(MATERIAL FOR THIS TASK Opens)
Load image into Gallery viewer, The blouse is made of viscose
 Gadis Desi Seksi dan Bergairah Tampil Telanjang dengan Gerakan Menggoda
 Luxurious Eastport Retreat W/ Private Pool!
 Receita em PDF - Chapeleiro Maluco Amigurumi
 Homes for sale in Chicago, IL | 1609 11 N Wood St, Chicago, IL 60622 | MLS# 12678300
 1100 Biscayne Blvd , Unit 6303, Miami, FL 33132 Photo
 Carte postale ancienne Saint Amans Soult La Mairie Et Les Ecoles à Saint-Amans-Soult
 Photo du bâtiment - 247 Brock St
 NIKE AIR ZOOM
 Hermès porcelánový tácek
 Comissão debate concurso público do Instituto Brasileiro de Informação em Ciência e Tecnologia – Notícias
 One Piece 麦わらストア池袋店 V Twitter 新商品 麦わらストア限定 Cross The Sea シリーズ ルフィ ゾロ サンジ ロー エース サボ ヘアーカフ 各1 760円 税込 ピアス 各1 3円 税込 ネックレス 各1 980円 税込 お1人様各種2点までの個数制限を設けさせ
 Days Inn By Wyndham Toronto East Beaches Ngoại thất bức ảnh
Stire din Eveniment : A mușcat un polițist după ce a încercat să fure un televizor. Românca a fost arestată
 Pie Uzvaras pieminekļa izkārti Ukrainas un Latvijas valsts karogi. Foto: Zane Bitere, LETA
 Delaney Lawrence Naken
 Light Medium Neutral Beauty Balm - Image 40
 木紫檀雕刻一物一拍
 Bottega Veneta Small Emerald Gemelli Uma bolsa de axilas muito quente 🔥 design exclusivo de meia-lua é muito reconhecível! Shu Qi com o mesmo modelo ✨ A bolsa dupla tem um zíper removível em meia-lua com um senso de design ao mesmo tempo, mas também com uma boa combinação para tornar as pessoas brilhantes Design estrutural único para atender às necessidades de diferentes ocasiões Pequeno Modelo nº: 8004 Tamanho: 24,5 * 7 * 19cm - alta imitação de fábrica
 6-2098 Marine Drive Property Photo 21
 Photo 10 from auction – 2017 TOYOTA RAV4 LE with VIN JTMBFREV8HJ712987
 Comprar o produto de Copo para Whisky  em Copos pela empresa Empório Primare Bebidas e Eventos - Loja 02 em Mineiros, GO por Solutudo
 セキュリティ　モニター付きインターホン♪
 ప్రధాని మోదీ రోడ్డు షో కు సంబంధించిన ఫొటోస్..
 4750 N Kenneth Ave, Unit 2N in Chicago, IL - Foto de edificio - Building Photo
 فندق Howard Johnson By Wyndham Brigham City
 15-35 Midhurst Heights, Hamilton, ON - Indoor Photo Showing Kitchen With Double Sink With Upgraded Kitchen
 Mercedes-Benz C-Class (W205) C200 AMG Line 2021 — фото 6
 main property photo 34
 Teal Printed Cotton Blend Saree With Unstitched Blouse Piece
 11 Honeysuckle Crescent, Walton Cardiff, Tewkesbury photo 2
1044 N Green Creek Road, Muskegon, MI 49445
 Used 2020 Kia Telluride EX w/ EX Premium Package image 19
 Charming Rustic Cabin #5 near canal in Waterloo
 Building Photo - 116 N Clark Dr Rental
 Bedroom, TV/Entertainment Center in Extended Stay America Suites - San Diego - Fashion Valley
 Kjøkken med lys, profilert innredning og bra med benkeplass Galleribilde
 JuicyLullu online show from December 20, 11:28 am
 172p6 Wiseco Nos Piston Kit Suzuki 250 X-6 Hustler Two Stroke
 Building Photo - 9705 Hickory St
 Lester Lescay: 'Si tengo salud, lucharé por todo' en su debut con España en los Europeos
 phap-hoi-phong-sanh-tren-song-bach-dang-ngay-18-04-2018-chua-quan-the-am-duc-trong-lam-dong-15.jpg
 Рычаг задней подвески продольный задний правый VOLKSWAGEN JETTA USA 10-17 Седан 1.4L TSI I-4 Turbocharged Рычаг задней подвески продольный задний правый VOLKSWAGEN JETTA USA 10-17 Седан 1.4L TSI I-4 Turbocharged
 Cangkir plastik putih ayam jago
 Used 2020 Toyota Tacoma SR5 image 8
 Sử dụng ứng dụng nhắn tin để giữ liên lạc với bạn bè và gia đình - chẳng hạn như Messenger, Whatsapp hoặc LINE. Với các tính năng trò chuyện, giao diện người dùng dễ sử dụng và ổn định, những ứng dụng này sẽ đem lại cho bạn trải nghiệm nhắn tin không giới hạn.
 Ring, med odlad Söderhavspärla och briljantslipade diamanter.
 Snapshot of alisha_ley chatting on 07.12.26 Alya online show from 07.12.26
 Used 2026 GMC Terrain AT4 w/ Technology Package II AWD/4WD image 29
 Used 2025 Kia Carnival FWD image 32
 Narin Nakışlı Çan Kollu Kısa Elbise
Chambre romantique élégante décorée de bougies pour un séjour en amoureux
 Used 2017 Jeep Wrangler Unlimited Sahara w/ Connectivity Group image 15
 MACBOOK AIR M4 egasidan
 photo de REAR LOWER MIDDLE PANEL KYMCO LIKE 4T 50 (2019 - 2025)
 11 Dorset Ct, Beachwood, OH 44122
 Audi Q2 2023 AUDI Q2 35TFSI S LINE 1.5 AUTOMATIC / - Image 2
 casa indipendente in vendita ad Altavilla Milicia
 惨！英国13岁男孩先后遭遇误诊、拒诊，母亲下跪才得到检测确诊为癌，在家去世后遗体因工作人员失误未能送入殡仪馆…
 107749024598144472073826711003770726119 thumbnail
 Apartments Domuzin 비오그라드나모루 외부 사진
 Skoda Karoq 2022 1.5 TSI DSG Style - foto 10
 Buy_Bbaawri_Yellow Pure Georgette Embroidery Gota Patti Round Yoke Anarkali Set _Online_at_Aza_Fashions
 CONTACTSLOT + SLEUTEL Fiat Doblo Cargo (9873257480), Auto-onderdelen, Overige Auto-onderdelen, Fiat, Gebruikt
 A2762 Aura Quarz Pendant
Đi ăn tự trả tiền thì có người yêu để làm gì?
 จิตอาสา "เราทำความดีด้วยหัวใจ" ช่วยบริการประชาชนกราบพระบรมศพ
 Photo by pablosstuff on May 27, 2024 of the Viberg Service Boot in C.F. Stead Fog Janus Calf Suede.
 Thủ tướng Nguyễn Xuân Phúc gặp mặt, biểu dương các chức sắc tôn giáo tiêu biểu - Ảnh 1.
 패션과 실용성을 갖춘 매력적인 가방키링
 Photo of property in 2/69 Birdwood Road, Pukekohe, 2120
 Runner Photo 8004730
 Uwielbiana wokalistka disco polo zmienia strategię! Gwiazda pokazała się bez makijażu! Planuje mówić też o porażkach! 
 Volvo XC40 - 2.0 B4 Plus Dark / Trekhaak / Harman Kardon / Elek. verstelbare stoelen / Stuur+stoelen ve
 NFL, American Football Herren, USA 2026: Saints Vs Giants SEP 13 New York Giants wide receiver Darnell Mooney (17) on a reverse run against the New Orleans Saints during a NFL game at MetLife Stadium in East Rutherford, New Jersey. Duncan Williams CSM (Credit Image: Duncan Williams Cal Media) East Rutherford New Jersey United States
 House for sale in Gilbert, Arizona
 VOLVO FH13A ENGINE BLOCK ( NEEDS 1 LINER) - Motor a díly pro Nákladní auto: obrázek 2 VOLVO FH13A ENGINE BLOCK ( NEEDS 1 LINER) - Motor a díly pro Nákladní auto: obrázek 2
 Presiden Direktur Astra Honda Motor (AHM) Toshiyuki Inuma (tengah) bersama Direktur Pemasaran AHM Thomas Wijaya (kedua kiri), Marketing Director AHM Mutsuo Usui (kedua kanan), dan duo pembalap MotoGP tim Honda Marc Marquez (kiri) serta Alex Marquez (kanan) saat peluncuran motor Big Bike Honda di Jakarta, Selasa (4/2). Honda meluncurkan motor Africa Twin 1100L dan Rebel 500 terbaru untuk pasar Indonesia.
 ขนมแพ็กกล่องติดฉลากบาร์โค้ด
(MATERIAL FOR THIS TASK Closes)
■ YOUR ASSIGNMENT ■
Copy the lines from the start of the data verbatim, stopping after the line containing "Stire din Eveniment".

■ RESULT FOR THIS EXERCISE ■
Load image into Gallery viewer, The blouse is made of viscose
 Gadis Desi Seksi dan Bergairah Tampil Telanjang dengan Gerakan Menggoda
 Luxurious Eastport Retreat W/ Private Pool!
 Receita em PDF - Chapeleiro Maluco Amigurumi
 Homes for sale in Chicago, IL | 1609 11 N Wood St, Chicago, IL 60622 | MLS# 12678300
 1100 Biscayne Blvd , Unit 6303, Miami, FL 33132 Photo
 Carte postale ancienne Saint Amans Soult La Mairie Et Les Ecoles à Saint-Amans-Soult
 Photo du bâtiment - 247 Brock St
 NIKE AIR ZOOM
 Hermès porcelánový tácek
 Comissão debate concurso público do Instituto Brasileiro de Informação em Ciência e Tecnologia – Notícias
 One Piece 麦わらストア池袋店 V Twitter 新商品 麦わらストア限定 Cross The Sea シリーズ ルフィ ゾロ サンジ ロー エース サボ ヘアーカフ 各1 760円 税込 ピアス 各1 3円 税込 ネックレス 各1 980円 税込 お1人様各種2点までの個数制限を設けさせ
 Days Inn By Wyndham Toronto East Beaches Ngoại thất bức ảnh
Stire din Eveniment : A mușcat un polițist după ce a încercat să fure un televizor. Românca a fost arestată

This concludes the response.